City of Columbus was sued over this

If challenged, Strickland may not be on firm ground.

Though it is not binding on the governor at all, the city of Columbus dealt with the same issue and ruled in favor of partner benefits.

In 2002, Columbus’ Community Relations Commission ruled 9-3 that the city was in violation of its own non-discrimination law by not providing insurance benefits to the partner of James Hartman, a gay Health Department employee.

The 1994 Columbus ordinance has provisions similar to Strickland’s order saying it is an “unlawful discriminatory practice” to discriminate or limit a person’s “wages” or “employment conditions” on the basis of sexual orientation.

The commission hired Capital University law professor Shirley Mays to act as judge in Hartman’s case.

Mays wrote that because the benefits are compensation, and that married couples getting them were being paid more for the same work, the city “must allow coverage to domestic partners of homosexuals” or it was in violation of its own ordinance.

“The city has clearly stated its intention that no discrimination based upon sexual orientation should occur,” wrote Mays.

“Such discriminatory conduct undermines the effectiveness of employees discriminated against, prevents the state from attracting the best available talent to work on behalf of the people of Ohio, and offends the basic notions of human dignity,” says Strickland’s order.

Hartman’s complaint led to litigation between the city and the Community Relations Commission, which was settled under an agreement between the parties.

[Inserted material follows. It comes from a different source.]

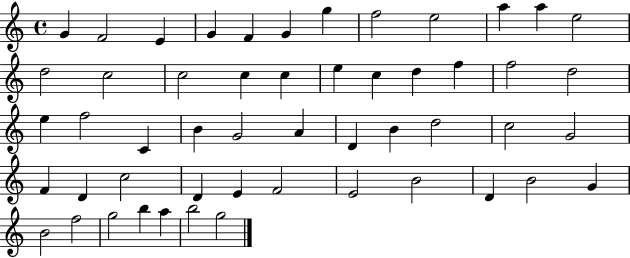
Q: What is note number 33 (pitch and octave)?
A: C5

Subsequently, it also led to political battles lasting nearly a decade including the 1998 passage of the state’s first domestic partner benefits ordinance--and its repeal two weeks later.

The city is currently considering “household benefits,” extended to any member of a household designated by the employee.

Strickland has never clearly indicated whether or not he supports or opposes domestic partner benefits in principle.

Dailey said he would ask the governor and return with an answer soon.